What Comes After Serverless: How About Codeless?

Serverless lets you forget about servers; what if you could forget about the code too?

Yes, this joke has been made before, but I’m serious. In the same way that serverless lets backend developers “forget” about servers, what if “codeless” did the same, but for your application code.

In other words, what if API requests to your service included the code that the caller wants to be executed on the server?

Your backend could essentially become a “runtime” for client-provided code. GraphQL APIs in some ways approach this - the backend is an “execution environment” for a (well defined and structured) GraphQL query. What if the “query language” became another programming language instead?

Example

A simple example is fairly easy to implement in Deno, which has built-in sandboxing features.
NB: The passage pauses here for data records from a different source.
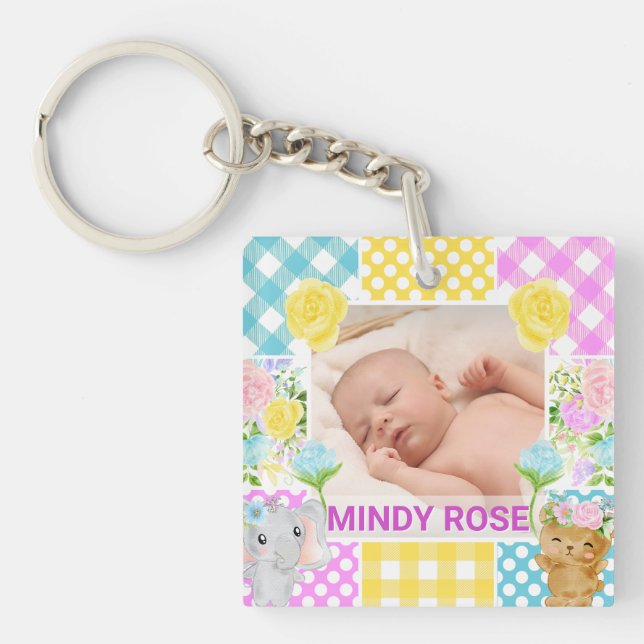 Floral & Plaid Photo Frame Newborn Baby Keychain (Front)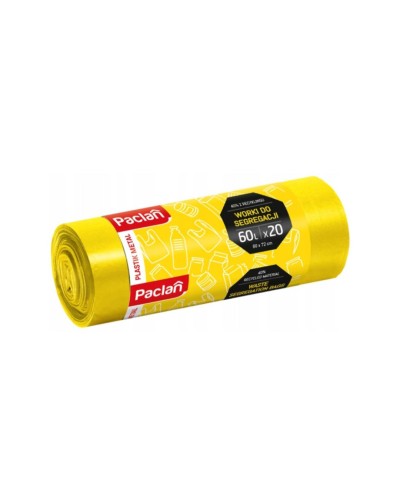 Worki na śmieci do segregacji plastiku żółte wytrzymałe 60l 20 szt. PACLAN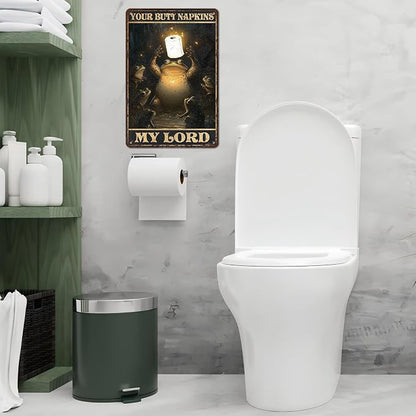 Vintage Frogs Tin Sign Your Butt Napkins My Lord Retro Bathroom Metal Poster Magic Funny Frog Wall Art Froglovers Toilet Man Cave Bar Cafe Indoor Room Garage Store Office 12 * 8inch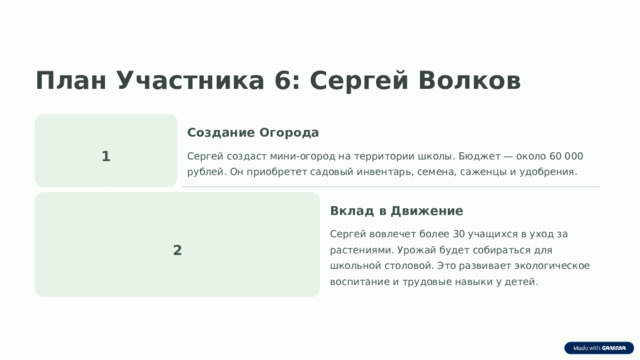 План Участника 6: Сергей Волков Создание Огорода 1 Сергей создаст мини-огород на территории школы. Бюджет — около 60 000 рублей. Он приобретет садовый инвентарь, семена, саженцы и удобрения. Вклад в Движение Сергей вовлечет более 30 учащихся в уход за растениями. Урожай будет собираться для школьной столовой. Это развивает экологическое воспитание и трудовые навыки у детей. 2  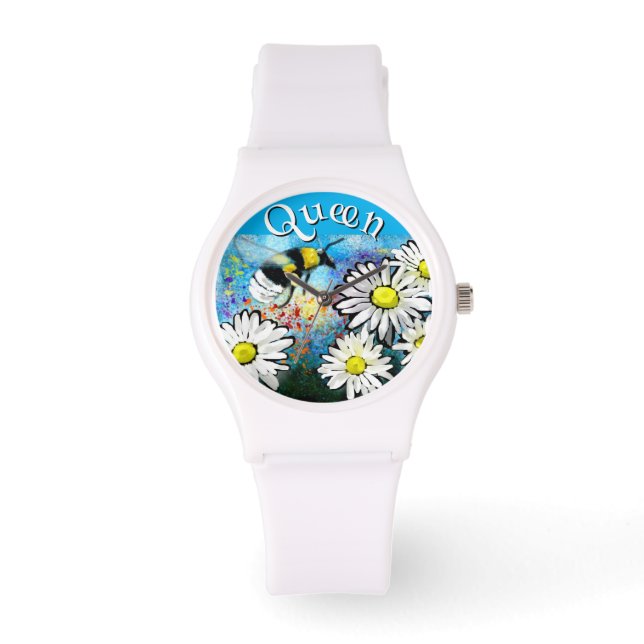 Relógio Abelha Caprichosa em Margaridas Personalizadas (Frente)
import { listenAndServe } from "https://deno.land/std@0.91.0/http/server.ts"
import { Status } from "https://deno.land/std@0.91.0/http/http_status.ts"
const HTTP_PORT = 8080;
const options = { hostname: "0.0.0.0", port: HTTP_PORT }
console.log(`HTTP server running on localhost:${HTTP_PORT}`)
listenAndServe(options, (request) => {
if (request.method !== "GET") {
request.respond({ status: Status.MethodNotAllowed, body: "must GET" })
return
}
const start = new Date()
const url = `https://${request.url.substring(1)}`
let completed = false
const p = Deno.run({
cmd: [ "deno", "run", url ],
stdout: "piped",
stderr: "null"
});
// pipe the stdout of the process to the http response
request.respond({ body: p.stdout })
// whenever the process exits, mark it as done
p.status().finally(() => {
completed = true
let elapsed = (new Date()).getTime() - start.getTime()
console.log({ url, time: `${elapsed}ms` })
})
// once the request is done (or canceled)
Deno.readAll(request.r).then(async () => {
// if the process hasn't completed, end it
if (!completed) p.kill(2)
})
// don't let requests run indefinitely
setTimeout(() => {
if (!completed) p.kill(2)
}, 10*1000)
});
view raw main.ts hosted with ❤ by GitHub

This is just an example to illustrate the point, use at your own risk!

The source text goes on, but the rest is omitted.